Alors en cet instant précis, je ne pense qu'à ses lèvres contre les miennes. Il me dit qu'il m'aime, de plus en plus souvent, et je lui répond que moi aussi. Pas par gentillesse, parce que comme dit Bill, « Tom n'est pas gentil. Il aime ». Je trouvais ça stupide. Mais c'était avant. C'est fini maintenant. Il a raison.
Il m'embrasse de plus en plus, de plus en plus souvent. Quand il est mal, ou quand il voit que moi je vais un peu moins bien que d'habitude. Il se drogue toujours autant, mais je crois que c'est pour la forme.
Cette fois, notre baiser est différent. Il me donne des frissons. Il me fait réagir. Je ne devrais pas. J'avais toujours considéré que ces baisers étaient une preuve de tendresse, comme pour me rassurer, je vais bien, ne t'en fais pas. Il semblerait que non. Et sa langue sur mes lèvres, je ne sais pas si j'en veux plus, ou si j'ai envie de le repousser. Est-ce que j'ai envie de te repousser, Bill ?
2 Juin 2009, toujours dans le salon. Le film est finit.
Le film est terminé. On a parlé avec les mecs. De Bill.
Alors que je reposais le journal tout à l'heure, je me suis rendu compte du film que l'on regardait. Et j'ai eu envie de tout casser. Lord Of War. Son film culte. Comment ont-ils osé regarder ce film ? Me faire regarder ce film ? Ont-ils oublié ? Oublié à quel point Bill pouvait être fasciné par ce film ? Par la violence des scènes, par l'amour fraternel qui émane de ce film ?
J'sais pas si j'leur en veux. Il leur manque, je le sais. Combien de fois j'l'ai aient entendus pleurer, le plus discrètement possible ? Il leur manque, et moi je ne pense qu'à ma propre douleur. Est-elle comparable avec la leur ? Non, bien sur. Aucune douleur n'est comparable avec la mienne, je le sais, j'en suis sur.
Je pense à Maman. Là, tout de suite. Et je suis en colère. Merde ! Elle est en vacances, aux Maldives. C'est synonyme de souvenirs pour moi, mais c'n'est pas ce qui compte, maint'nant.
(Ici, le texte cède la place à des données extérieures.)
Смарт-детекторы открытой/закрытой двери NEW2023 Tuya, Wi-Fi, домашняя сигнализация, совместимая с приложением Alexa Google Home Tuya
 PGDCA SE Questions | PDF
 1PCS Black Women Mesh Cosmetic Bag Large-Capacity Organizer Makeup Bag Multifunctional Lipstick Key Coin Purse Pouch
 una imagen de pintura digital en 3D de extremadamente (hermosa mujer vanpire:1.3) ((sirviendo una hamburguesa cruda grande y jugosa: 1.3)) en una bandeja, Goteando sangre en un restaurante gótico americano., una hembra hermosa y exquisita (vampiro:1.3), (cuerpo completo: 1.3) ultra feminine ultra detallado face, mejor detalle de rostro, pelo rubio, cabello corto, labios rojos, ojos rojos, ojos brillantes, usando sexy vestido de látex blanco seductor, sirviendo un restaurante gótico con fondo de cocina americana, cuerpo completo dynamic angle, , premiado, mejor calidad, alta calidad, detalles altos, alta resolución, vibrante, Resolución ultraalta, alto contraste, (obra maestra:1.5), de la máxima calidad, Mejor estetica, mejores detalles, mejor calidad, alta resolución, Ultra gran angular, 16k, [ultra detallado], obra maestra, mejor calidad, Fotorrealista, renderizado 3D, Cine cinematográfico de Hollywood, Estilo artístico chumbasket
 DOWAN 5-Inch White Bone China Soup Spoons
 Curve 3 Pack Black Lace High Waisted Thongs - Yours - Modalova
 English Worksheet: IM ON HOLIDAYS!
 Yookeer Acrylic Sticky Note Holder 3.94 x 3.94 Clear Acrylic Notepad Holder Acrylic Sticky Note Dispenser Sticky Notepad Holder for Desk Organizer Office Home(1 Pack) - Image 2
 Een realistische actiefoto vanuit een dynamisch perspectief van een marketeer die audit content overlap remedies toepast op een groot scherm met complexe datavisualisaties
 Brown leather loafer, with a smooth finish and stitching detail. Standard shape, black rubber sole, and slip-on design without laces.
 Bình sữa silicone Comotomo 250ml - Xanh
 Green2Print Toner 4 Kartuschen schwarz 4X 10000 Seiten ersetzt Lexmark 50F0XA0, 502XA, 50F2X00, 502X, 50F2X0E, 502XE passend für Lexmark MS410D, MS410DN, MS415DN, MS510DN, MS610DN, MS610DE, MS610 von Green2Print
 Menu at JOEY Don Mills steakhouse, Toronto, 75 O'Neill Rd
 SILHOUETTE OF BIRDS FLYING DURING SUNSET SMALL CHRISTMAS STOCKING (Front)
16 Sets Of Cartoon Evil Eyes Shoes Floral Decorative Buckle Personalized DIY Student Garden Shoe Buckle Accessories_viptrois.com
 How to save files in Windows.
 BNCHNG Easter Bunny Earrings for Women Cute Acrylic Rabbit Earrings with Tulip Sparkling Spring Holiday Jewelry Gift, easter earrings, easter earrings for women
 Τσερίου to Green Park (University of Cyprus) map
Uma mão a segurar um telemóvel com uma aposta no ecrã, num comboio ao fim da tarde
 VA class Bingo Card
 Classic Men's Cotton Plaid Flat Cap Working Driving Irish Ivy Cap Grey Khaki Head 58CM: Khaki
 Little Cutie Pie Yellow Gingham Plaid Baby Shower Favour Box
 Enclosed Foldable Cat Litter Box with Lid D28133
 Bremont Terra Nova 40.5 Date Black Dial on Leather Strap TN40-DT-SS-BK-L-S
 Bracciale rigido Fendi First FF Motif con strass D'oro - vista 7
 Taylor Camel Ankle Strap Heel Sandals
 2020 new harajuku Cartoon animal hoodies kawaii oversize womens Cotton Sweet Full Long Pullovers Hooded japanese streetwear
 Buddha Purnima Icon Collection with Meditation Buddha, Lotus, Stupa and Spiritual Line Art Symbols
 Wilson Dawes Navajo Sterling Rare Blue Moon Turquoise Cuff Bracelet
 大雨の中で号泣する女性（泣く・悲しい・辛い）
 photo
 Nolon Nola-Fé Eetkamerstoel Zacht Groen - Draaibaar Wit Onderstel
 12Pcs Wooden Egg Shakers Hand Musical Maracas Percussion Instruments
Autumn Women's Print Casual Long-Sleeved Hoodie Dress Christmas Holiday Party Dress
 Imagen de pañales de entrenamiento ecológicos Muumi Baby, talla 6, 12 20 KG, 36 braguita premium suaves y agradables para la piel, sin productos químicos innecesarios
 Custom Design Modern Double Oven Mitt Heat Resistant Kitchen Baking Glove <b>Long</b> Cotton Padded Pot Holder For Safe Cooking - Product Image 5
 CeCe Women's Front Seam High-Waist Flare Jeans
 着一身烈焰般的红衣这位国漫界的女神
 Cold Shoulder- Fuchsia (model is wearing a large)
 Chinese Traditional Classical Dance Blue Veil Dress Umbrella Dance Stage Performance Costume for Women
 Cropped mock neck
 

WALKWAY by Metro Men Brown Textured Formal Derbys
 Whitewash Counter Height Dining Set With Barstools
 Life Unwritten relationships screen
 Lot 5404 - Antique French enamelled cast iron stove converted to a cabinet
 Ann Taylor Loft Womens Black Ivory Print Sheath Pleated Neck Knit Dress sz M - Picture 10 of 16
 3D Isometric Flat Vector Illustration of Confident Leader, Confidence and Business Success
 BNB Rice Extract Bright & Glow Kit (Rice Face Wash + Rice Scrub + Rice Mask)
Elle est en vacances, alors que son fils est mort. Comment peut elle ? L'abandonner ? L'oublier ? Comment parlera-t-elle de lui dans quelques années ? Comme du fils prodige disparut trop tôt dans des circonstances tragiques et mystérieuses ? Je la hais.
Georg et Gus me regardent, il y a encore des traces de larmes sur leurs joues. Et moi, je détourne le regard, je préfère écrire. Je comprends ce que Bill ressentait quand il écrivait des chansons. Il se vidait de son amertume, de sa haine pour ce monde, et cachait quelques mots tendres entre deux insultes.
Vers la fin, ses chansons étaient hard, vraiment. Fucking Word. Il maudissait chaque personne de cette terre, chaque battement d'aile de papillons qui avaient provoqué son mal-être.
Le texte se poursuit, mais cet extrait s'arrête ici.